Fire is the natural product of any sufficiently exothermic reaction (ie one that gives out heat, rather than taking it in). These reactions can be of any type, but since fire can only form in air most of such reactions we are familiar with tend to be oxidation reactions; oxygen from the air bonding chemically with the substance in question (although there are exceptions;  a sample of potassium placed in water will float on the top and react with the water itself, become surrounded surrounded by a lilac flame sufficiently hot to melt it, and start fizzing violently and pushing itself around the container. A larger dose of potassium, or a more reactive alkali metal such as rubidium, will explode). The emission of heat causes a relatively gentle warming effect for the immediate area, but close to the site of the reaction itself a very large amount of heat is emitted in a small area. This excites the molecules of air close to the reaction and causes them to vibrate violently, emitting photons of electromagnetic radiation as they do so in the form of heat & light (among other things). These photons cause the air to glow brightly, creating the visible flame we can see; this large amount of thermal energy also ionises a lot of atoms and molecules in the area of the flame, meaning that a flame has a slight charge and is more conductive than the surrounding air. Because of this, flame probes are sometimes used to get rid of the excess charge in sensitive electromagnetic experiments, and flamethrowers can be made to fire lightning. Most often the glowing flame results in the characteristic reddy/orange colour of fire, but some reactions, such as the potassium one mentioned, cause them to emit radiation of other frequencies for a variety of reasons (chief among them the temperature of the flame and the spectral properties of the material in question), causing the flames to be of different colours, whilst a white-hot area of a fire is so hot that the molecules don’t care what frequency the photons they’re emitting are at so long as they can get rid of the things fast enough. Thus, light of all wavelengths gets emitted, and we see white light. The flickery nature of a flame is generally caused by the excited hot air moving about rapidly, until it gets far enough away from the source of heat to cool down and stop glowing; this process happens all the time with hundreds of packets of hot air, causing them to flicker back and forth.
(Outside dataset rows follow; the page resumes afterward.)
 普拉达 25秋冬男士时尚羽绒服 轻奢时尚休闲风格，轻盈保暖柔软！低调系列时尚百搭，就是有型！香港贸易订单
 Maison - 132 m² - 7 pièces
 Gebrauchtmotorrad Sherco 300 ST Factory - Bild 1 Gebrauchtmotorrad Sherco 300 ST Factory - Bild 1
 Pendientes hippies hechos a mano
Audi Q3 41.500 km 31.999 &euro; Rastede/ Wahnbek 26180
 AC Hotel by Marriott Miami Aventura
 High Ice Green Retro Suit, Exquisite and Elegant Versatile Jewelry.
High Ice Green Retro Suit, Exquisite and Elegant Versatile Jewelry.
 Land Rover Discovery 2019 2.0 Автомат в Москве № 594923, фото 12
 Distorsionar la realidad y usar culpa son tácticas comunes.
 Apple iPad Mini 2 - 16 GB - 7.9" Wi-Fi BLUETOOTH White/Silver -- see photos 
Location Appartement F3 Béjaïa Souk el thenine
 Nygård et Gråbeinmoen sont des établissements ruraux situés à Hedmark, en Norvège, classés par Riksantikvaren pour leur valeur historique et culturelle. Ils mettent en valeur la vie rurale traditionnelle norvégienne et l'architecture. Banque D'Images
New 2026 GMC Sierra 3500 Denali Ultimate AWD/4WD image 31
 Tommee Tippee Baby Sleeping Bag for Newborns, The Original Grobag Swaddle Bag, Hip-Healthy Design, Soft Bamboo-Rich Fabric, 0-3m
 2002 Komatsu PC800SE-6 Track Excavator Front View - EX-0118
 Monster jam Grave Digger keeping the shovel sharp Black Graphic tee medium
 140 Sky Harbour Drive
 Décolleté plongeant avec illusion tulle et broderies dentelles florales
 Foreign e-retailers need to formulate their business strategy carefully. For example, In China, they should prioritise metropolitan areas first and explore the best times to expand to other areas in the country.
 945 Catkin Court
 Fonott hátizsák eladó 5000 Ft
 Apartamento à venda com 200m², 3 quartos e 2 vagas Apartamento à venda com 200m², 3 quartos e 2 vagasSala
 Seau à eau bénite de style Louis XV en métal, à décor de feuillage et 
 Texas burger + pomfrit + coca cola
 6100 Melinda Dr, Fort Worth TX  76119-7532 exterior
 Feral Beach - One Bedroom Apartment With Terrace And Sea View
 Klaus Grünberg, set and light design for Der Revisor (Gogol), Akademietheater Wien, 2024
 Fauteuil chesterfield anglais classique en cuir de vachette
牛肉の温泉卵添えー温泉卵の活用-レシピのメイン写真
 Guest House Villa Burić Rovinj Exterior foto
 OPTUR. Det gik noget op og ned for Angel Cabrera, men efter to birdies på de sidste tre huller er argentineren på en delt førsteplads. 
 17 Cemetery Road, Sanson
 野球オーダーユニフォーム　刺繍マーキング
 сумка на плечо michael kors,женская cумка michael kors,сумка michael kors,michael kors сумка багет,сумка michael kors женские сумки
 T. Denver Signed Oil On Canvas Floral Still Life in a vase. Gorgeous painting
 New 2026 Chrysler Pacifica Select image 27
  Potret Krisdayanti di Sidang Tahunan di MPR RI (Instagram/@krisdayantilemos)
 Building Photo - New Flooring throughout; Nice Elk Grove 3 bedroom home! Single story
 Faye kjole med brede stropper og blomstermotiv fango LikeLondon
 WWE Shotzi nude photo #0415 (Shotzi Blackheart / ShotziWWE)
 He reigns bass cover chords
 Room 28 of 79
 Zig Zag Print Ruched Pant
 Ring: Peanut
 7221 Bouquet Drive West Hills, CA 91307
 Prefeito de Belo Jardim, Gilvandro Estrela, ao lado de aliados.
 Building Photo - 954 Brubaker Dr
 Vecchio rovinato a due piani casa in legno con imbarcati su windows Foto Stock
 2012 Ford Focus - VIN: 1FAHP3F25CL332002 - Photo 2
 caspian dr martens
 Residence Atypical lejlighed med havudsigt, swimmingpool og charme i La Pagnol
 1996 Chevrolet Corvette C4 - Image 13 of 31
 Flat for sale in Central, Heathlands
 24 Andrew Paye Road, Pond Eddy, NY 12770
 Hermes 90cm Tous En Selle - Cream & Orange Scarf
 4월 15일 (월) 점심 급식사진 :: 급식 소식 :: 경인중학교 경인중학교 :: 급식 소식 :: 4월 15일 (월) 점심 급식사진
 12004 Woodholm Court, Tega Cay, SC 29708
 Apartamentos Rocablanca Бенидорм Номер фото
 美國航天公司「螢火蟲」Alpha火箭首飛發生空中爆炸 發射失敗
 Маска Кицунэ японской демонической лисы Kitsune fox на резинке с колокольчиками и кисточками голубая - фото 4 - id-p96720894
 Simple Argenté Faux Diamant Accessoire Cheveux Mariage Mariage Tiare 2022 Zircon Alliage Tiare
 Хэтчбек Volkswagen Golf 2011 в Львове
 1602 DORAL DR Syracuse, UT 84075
However, we must remember that fires do not just give out heat, but must take some in too. This is to do with the way the chemical reaction to generate the heat in question works; the process requires the bonds between atoms to be broken, which uses up energy, before they can be reformed into a different pattern to release energy, and the energy needed to break the bonds and get the reaction going is known as the activation energy. Getting the molecules of the stuff you’re trying to react to the activation energy is the really hard part of lighting a fire, and different reactions (involving the burning of different stuff) have different activation energies, and thus different ‘ignition temperatures’ for the materials involved. Paper, for example, famously has an ignition temperature of 451 Fahrenheit (which means, incidentally, that you can cook with it if you’re sufficiently careful and not in a hurry to eat), whilst wood’s is only a little higher at around 300 degrees centigrade, both of which are less than that of a spark or flame. However, we must remember that neither fuel will ignite if it is wet, as water is not a fuel that can be burnt, meaning that it often takes a while to dry wood out sufficiently for it to catch, and that big, solid blocks of wood take quite a bit of energy to heat up.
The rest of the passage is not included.